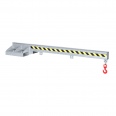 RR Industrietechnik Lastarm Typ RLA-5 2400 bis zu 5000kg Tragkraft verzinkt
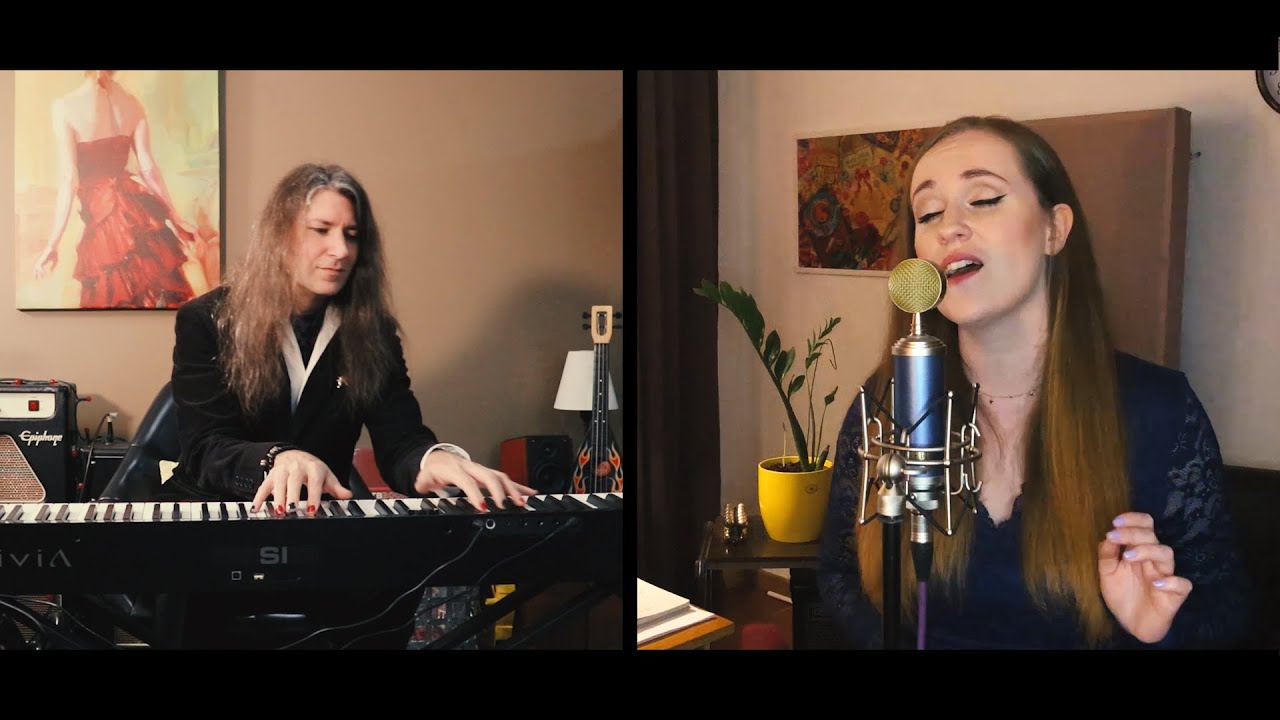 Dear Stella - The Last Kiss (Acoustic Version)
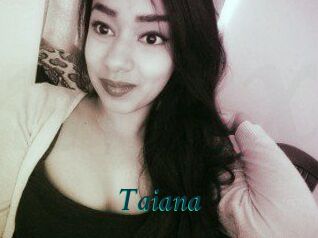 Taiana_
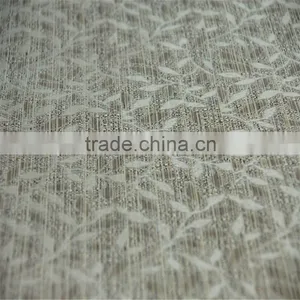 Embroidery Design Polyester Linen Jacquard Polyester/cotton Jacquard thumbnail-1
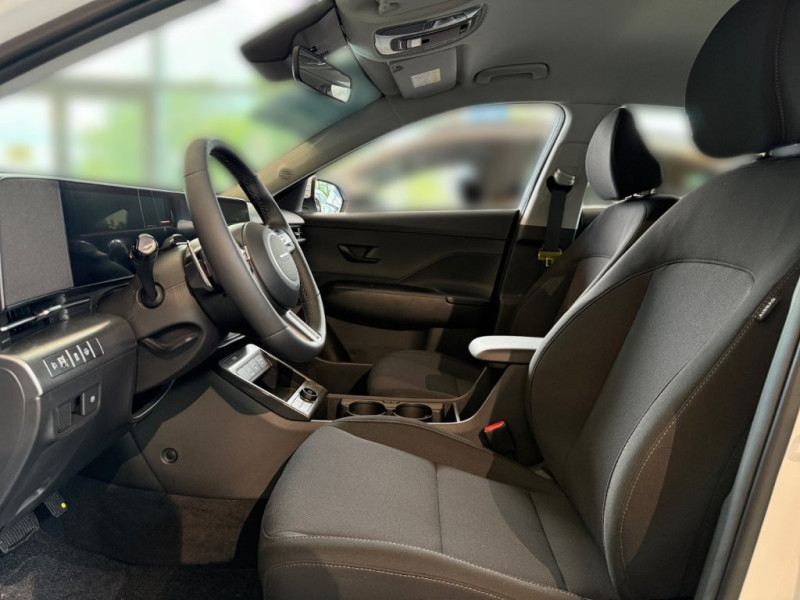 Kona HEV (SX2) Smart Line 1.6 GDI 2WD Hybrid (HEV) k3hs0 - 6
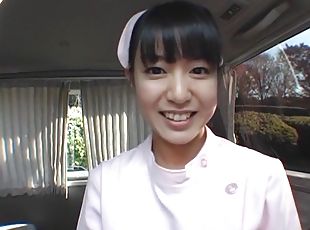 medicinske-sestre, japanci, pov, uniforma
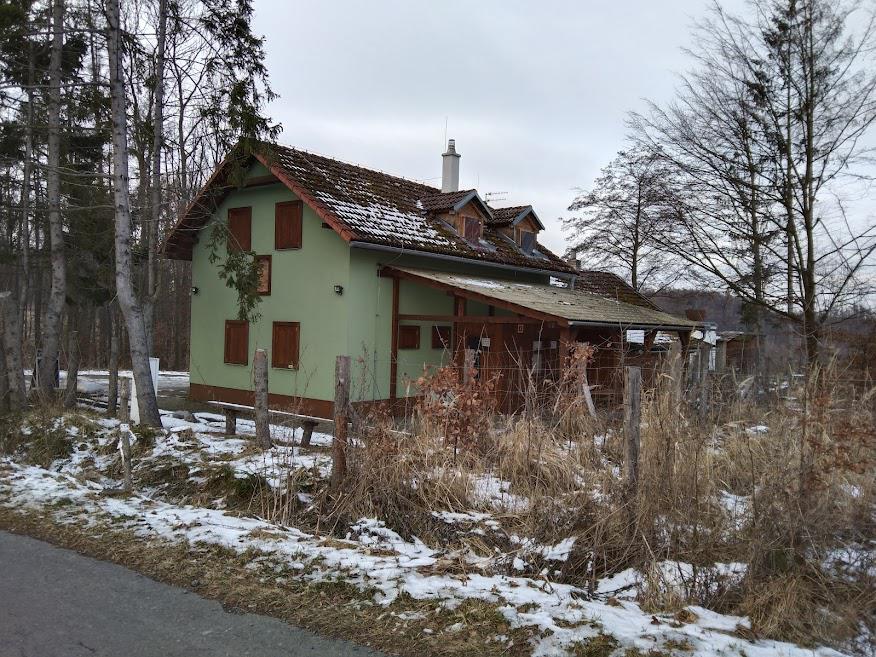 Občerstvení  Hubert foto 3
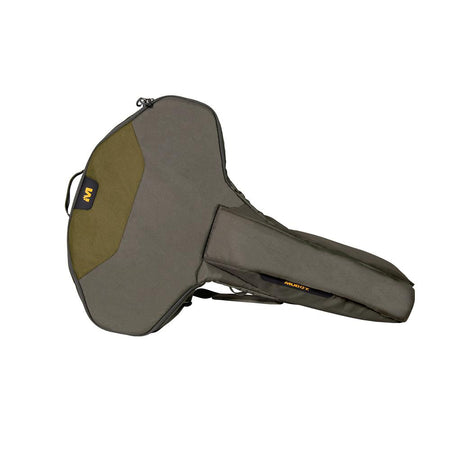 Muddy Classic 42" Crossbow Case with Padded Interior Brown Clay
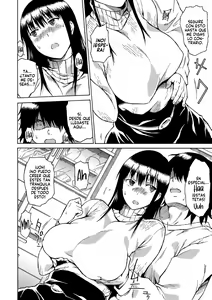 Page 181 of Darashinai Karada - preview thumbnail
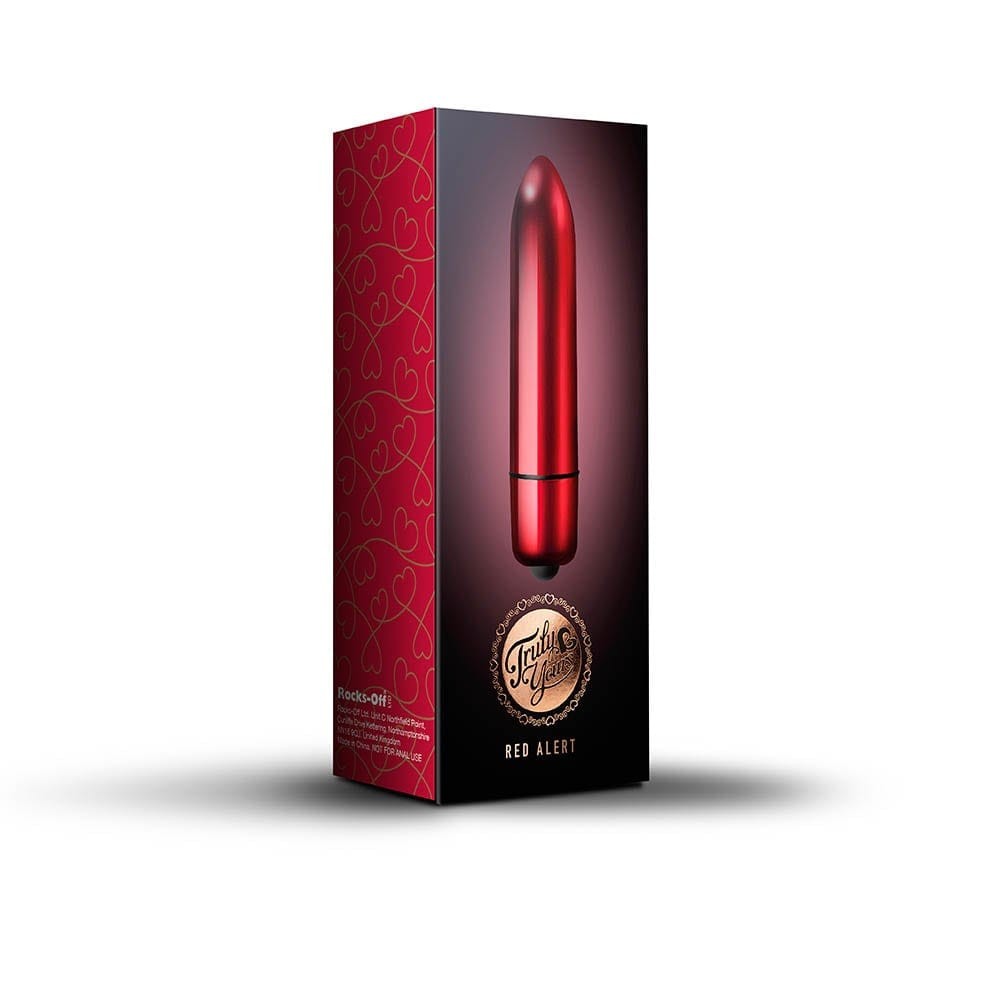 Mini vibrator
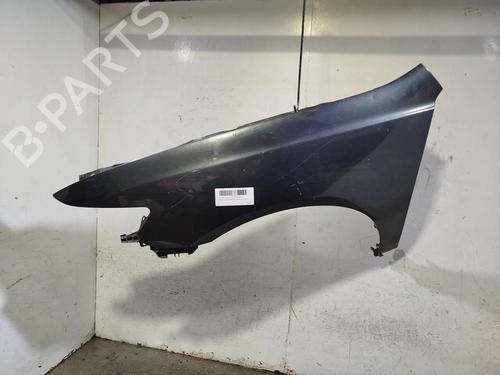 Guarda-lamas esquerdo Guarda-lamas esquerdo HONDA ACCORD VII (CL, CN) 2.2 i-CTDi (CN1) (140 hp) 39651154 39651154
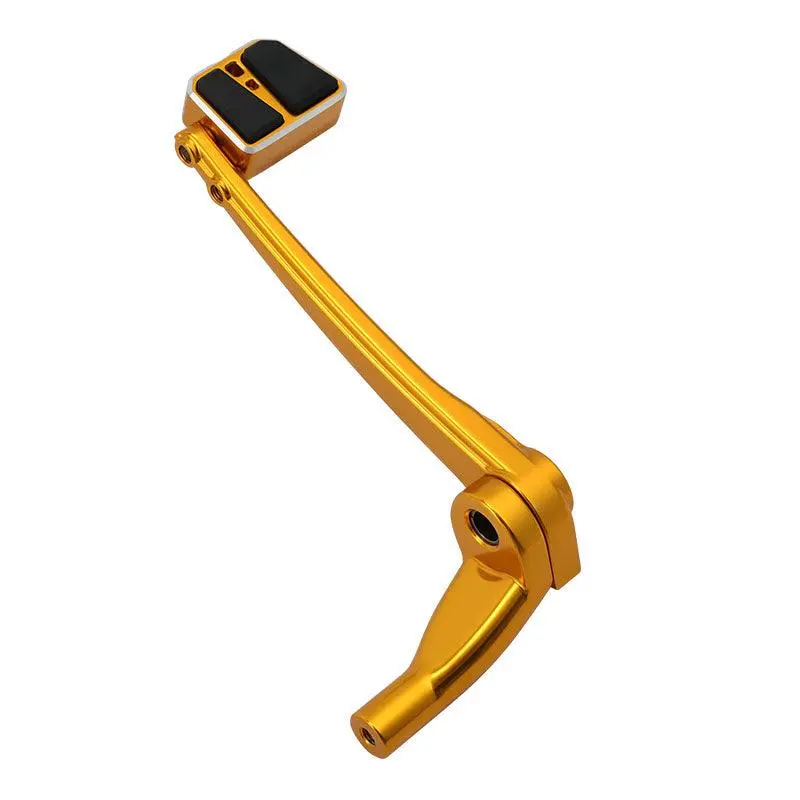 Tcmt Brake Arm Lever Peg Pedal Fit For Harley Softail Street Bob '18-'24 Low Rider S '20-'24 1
------------------------------------------------------------
**Instructions to follow**.
Print only the lines from the first line of the data above through the one containing "Mini vibrator", exactly as they are, with pictures omitted.

**Answer to this problem**.
 RR Industrietechnik Lastarm Typ RLA-5 2400 bis zu 5000kg Tragkraft verzinkt
 Dear Stella - The Last Kiss (Acoustic Version)
 Taiana_
 Embroidery Design Polyester Linen Jacquard Polyester/cotton Jacquard thumbnail-1
 Kona HEV (SX2) Smart Line 1.6 GDI 2WD Hybrid (HEV) k3hs0 - 6
 medicinske-sestre, japanci, pov, uniforma
 Občerstvení  Hubert foto 3
 Muddy Classic 42" Crossbow Case with Padded Interior Brown Clay
 Page 181 of Darashinai Karada - preview thumbnail
 Mini vibrator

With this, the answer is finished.